Come noto il codice degli appalti ( D.Lgs   50/2016) prevede, tra le altre forme di assicurazione, due specifiche garanzie che possono essere rilasciate sotto forma di polizza fideiussoria.

La prima, prevista dall’art. 93 del Codice è definita “ garanzia provvisoria” ed è destinata a garantire la sottoscrizione del contratto da parte dell’aggiudicatario.

La seconda, prevista dall’art. 103 del codice è definita “garanzia definitiva” ed è destinata a garantire, in linea generale, la corretta esecuzione del contratto.

Il decreto Ministeriale  n. 31 del 2018  inoltre ha stabilito  gli schemi obbligatori che dette polizze devono avere ed a detti schemi gli Istituti emittenti devono conformarsi.
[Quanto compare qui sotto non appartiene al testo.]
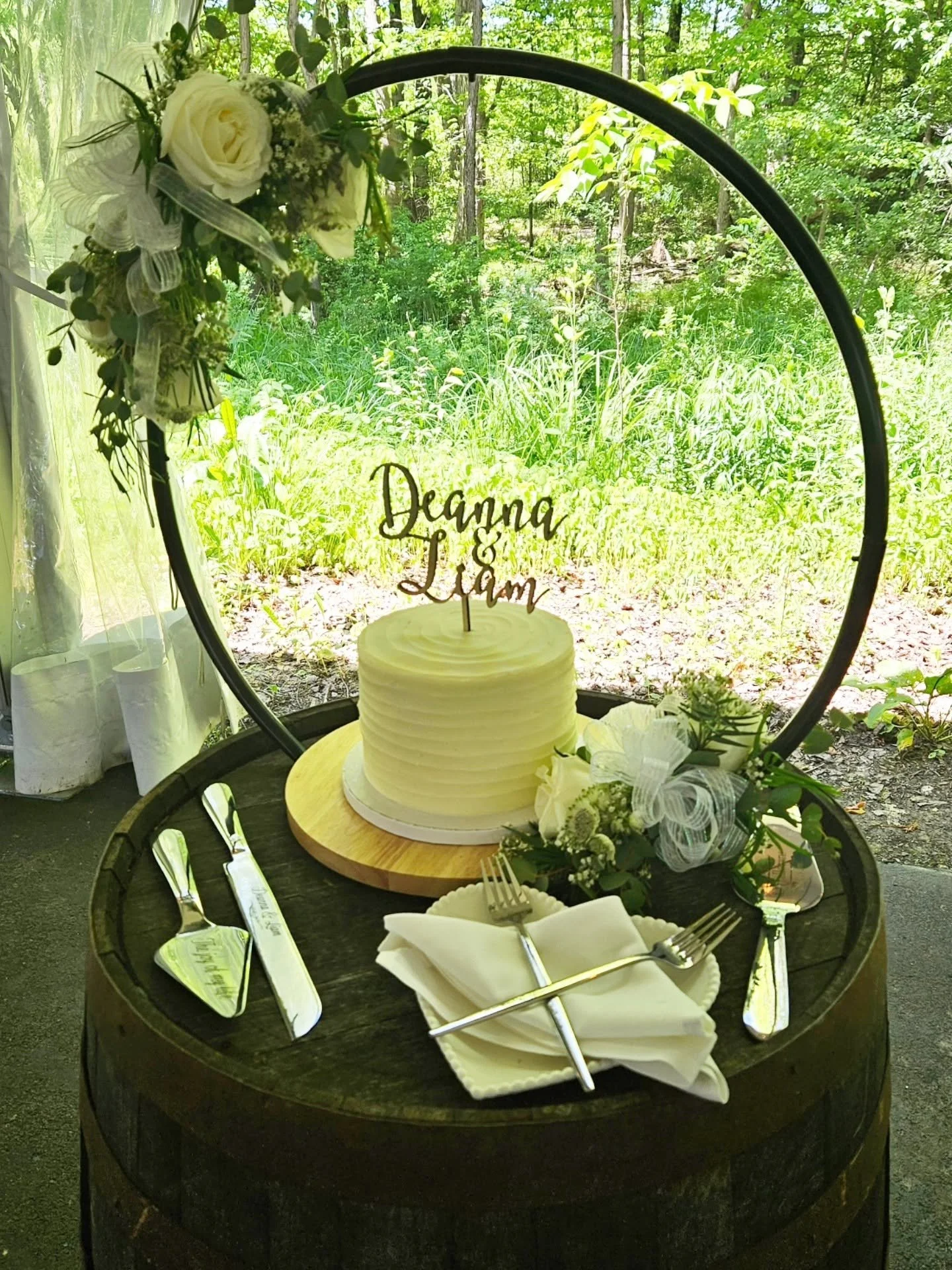 6in Wedding Cake- Deanna & Liam.jpg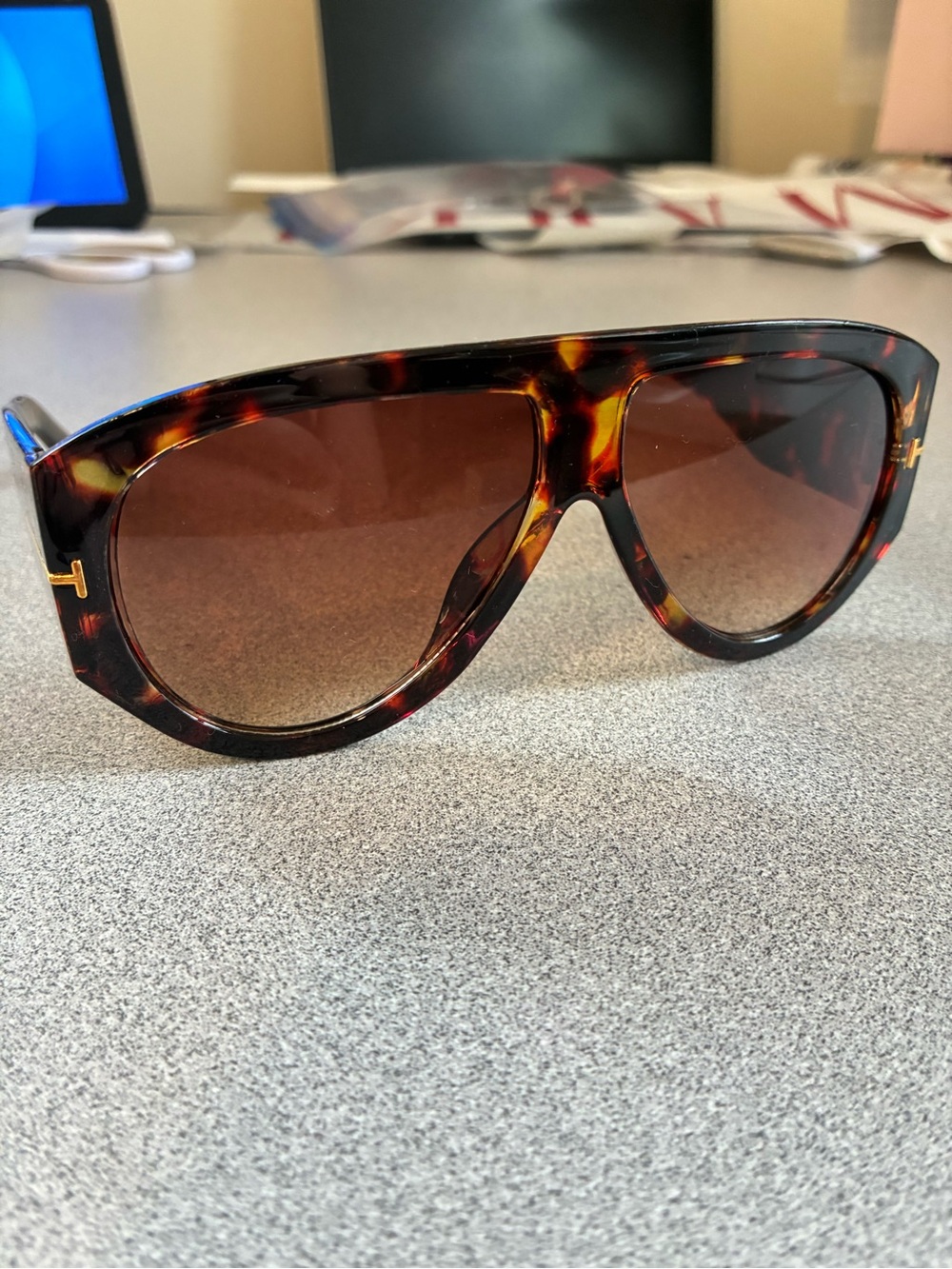 Tortoiseshell Oversized Women’s Sunglasses - Brown Lenses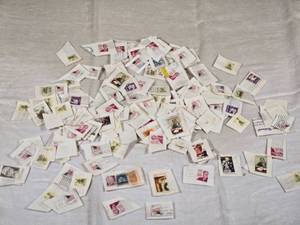 lot 488 image: Lot of Vintage Postage Stamps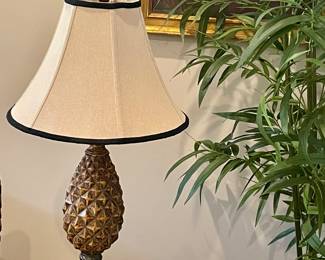 PINEAPPLE FINIAL LAMP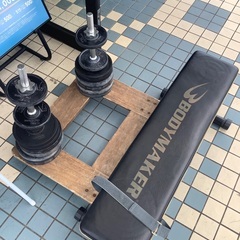 ベンチプレスセット ベンチ若干の傷み有り　入荷致しました！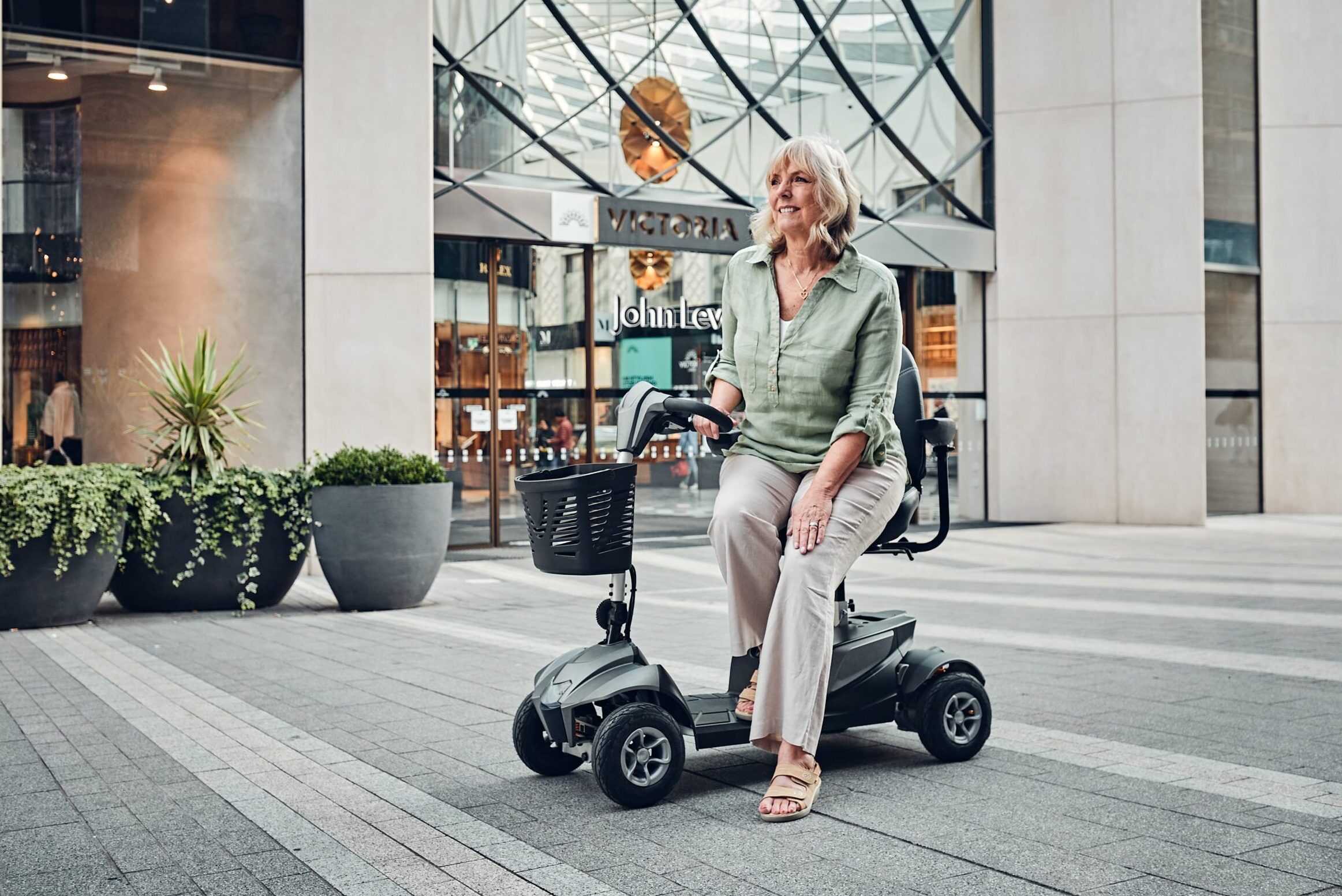 Pavement mobility scooter UK for everyday outdoor use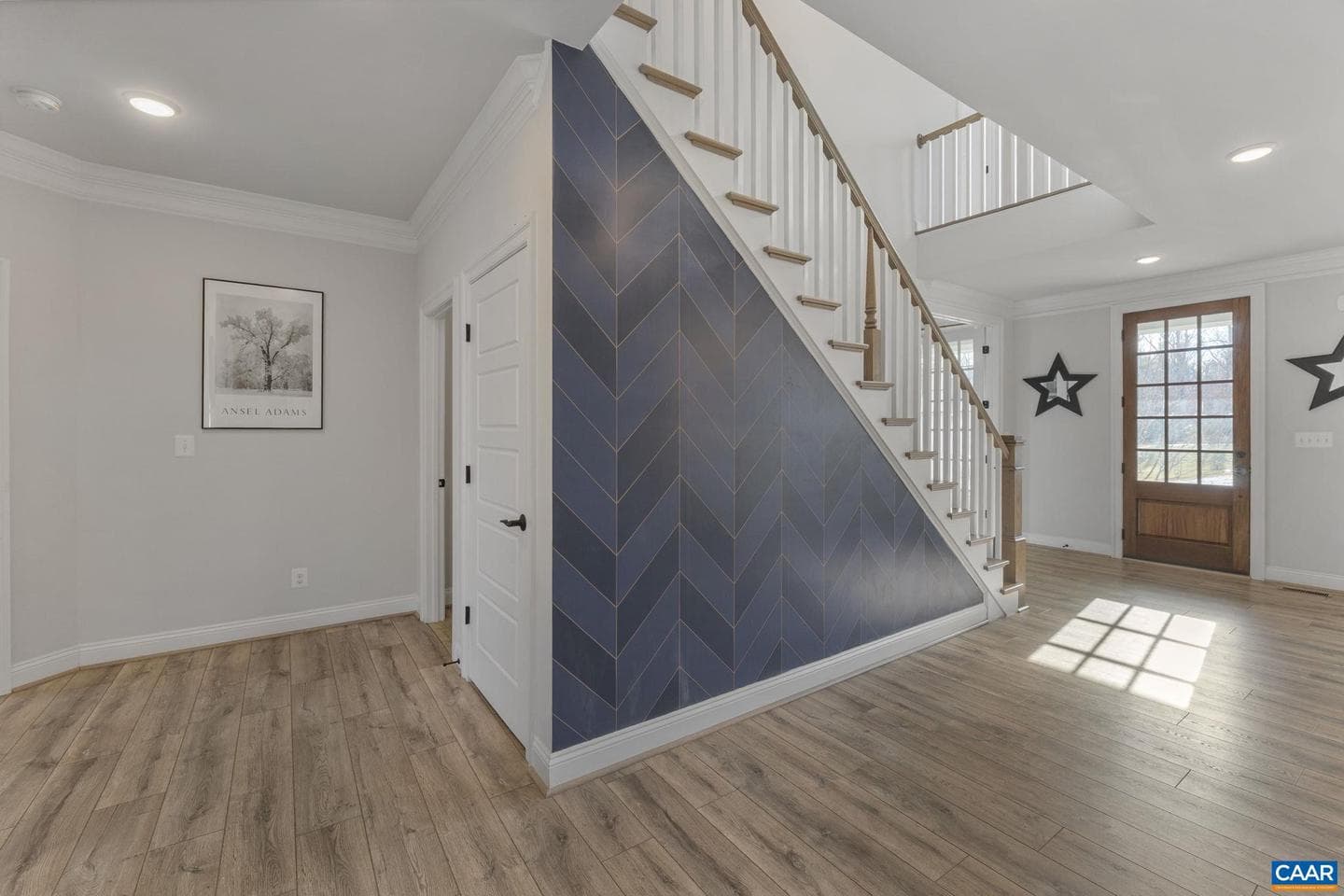 1321 Dubine Dr photo 8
La sentenza in esame conferma due importanti principi in merito al termine di efficacia della polizza provvisoria.

Il primo è che l’efficacia della provvisoria cessa ai sensi dell’art. 93 comma 9 del D.Lgs  con il trascorrere di 30 giorni dall’aggiudicazione ad altra impresa.

Il termine di efficacia della garanzia a seguito di aggiudicazione ad atra impresa  è stabilito in 30  giorni dall’art.  93  comma 9 del Codice  e viene ribadito dallo schema 1.1 (art.2) allegato al  DM 31/2018 nel quale, come visto , è stabilito il testo della garanzia provvisoria.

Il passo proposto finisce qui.